Tabela 1. Estatísticas descritivas e correlações de Pearson
| Estatísticas descritivas | Correlações de Pearson |
| |||||||
Média | DP | 1 | 2 | 3 | 4 | 5 | 6 | 7 | 8 | |
1. Idade | 36.46 | 9.44 | ||||||||
2. Sexo | 1.71 | 0.026 | ||||||||
3. Instituição | 1.68 | 0.48 | -0.319 | 0.049 | ||||||
4. Tempo no cargo | 6.77 | 6.52 | 0.527*** | -0.041 | -0.368*** | |||||
5. Salário | 4.18 | 1.33 | 0.243*** | -0.101 | -0.102 | 0.314*** | ||||
6. Práticas de alto desempenho | 3.16 | 0.73 | -0.054 | -0.013 | 0.280*** | -0.089 | 0.180*** | |||
7. Exaustão do trabalho | 2.39 | 0.75 | -0.166** | -0.036 | -0.039 | -0.014 | -0.114* | -0.284*** | ||
8. Capital Psicológico | 3.87 | 0.81 | 0.138* | -0.042 | 0.091 | 6.299e-4 | 0.247 | 0.524 | -0.458*** | |
9. Bem-estar | 4.14 | 0.74 | 0.078 | 0.082 | 0.127* | -0.027 | 0.244*** | 0.556*** | -0.486*** | 0.708*** |
Nota: * p < .05, ** p < .01, *** p < .001. Elaborada pela autora (2022).
O modelo de medida completo, composto pelas quatro variáveis latentes (práticas de alto desempenho no trabalho, capital psicológico, exaustão emocional e bem-estar), foi comparado com o modelo de fator único, dois e com modelo de três fatores independentes (práticas de alto desempenho no trabalho, exaustão do trabalho, bem-estar). A Tabela 9 indica os índices de ajuste dos quatro modelos testados.
Tabela 2. Índices de ajuste dos modelos testados
| x²(gl) | CFI | TLI | RMSEA (90% IC) | SMRM |
Modelo com um fator | 5290.578 (1377) | 0.88 | 0.88 | 0.09 (0.08 - 0.09) | 0.11 |
Modelo com dois fatores correlacionados | 5151.599 (1376) | 0.89 | 0.88 | 0.09 (0.08 - 0.09) | 0.11 |
Modelo com três fatores correlacionados | 3828.113 (1374) | 0.92 | 0.92 | 0.07 (0.06 - 0.07) | 0.09 |
Modelo com quatro fatores correlacionados | 2531.227 (1371) | 0.96 | 0.96 | 0.05 (0.04 - 0.05) | 0.07 |
Nota: χ2 = qui-quadrado; gl = grau de liberdade; CFI = Comparative Fit Index; TLI = Tucker-Lewis Index; RMSEA = Root Mean Square Error of Approximation; IC = intervalo de confiança; SMRM= Standardized root mean square residual. Elaborada pela autora (2022).

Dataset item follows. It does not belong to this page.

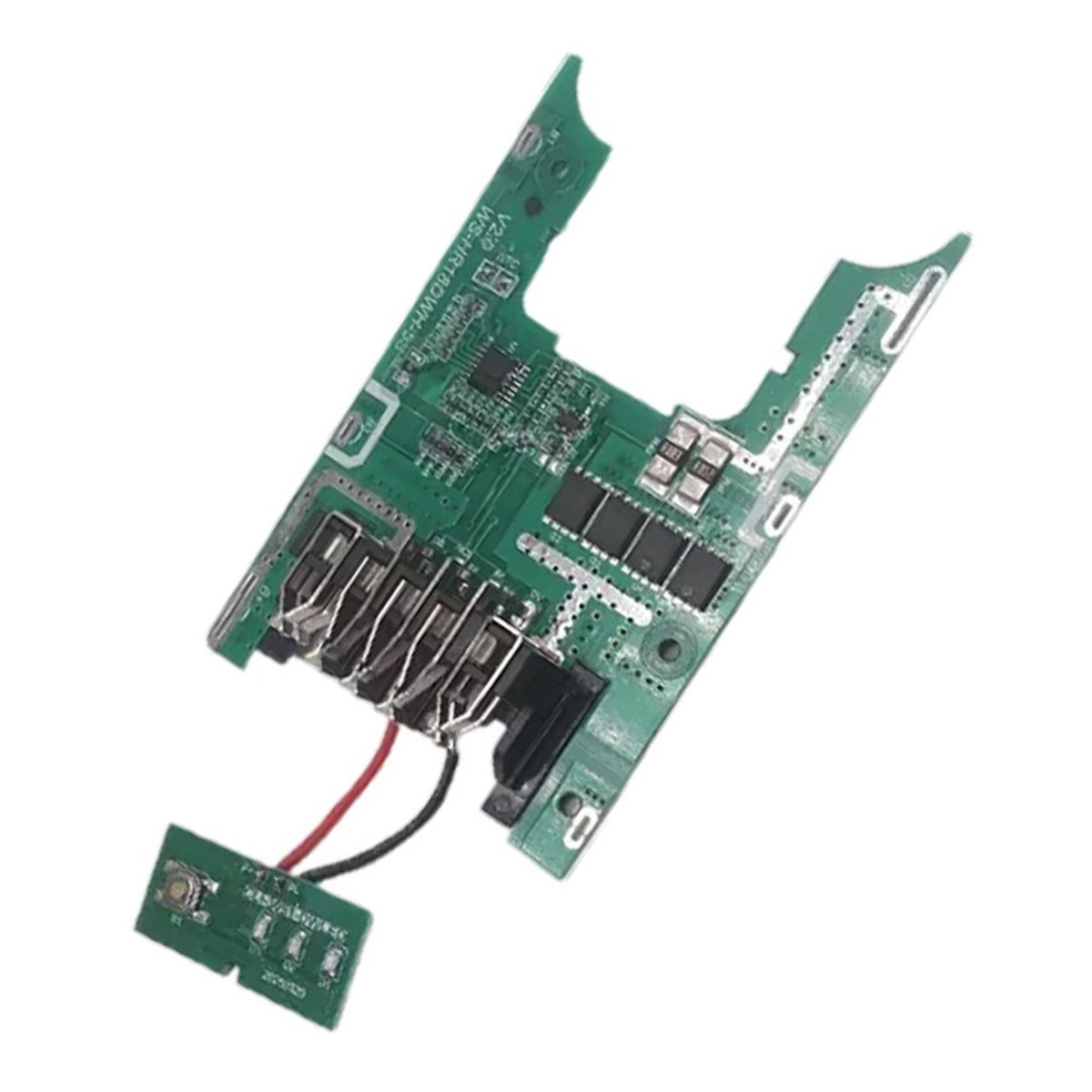 update. DCB200 Lithium Battery - Proto Board review and price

O modelo de quatro variáveis latentes foi o que mais se ajustou aos dados, tendo apresentado os seguintes índices de ajuste: χ2 (gl) = 2531.227 (1371); CFI = 0,96; TLI = 0,96; RMSEA = 0,05, SRMR= 0,07.
4.1. Testes de Hipóteses
Inicialmente, o teste das hipóteses, por meio da MEE verificou o efeito direto das práticas de alto desempenho (PADT) sobre o Bem-estar (BE). Os resultados indicaram que tal efeito é estatisticamente significativo (PADT/BE: β = 0,34, p < 0,001, IC (95%) = 0,21 - 0,48; o que corroborou com a hipóteses 1, que versa pela relação positiva entre as práticas de alto desempenho e o bem-estar. No que diz respeito à interação entre as práticas de trabalho e o capital psicológico, observou-se uma relação estatisticamente não significativa (PADT/PSYCAP: β = 0,01, p < 0,933, IC (95%) = -0,48-0,51; o que refuta a hipótese 2. Com o intuito de verificar o papel mediador do capital psicológico foram testados, inicialmente, os efeitos diretos das práticas de trabalho de alto desempenho (PADT) e do capital psicológico (PSYCAP) sobre o bem-estar (BE). Os resultados indicaram que tais efeitos foram significativos (PADT/BE: β = 0,34, p < 0,001, IC (95%) = 0,21-0,48; PSYCAP/BE: β = 0,57, p < 0,001, IC (95%) = 0,47- 0,68) o que confirma as hipóteses 3 e 4.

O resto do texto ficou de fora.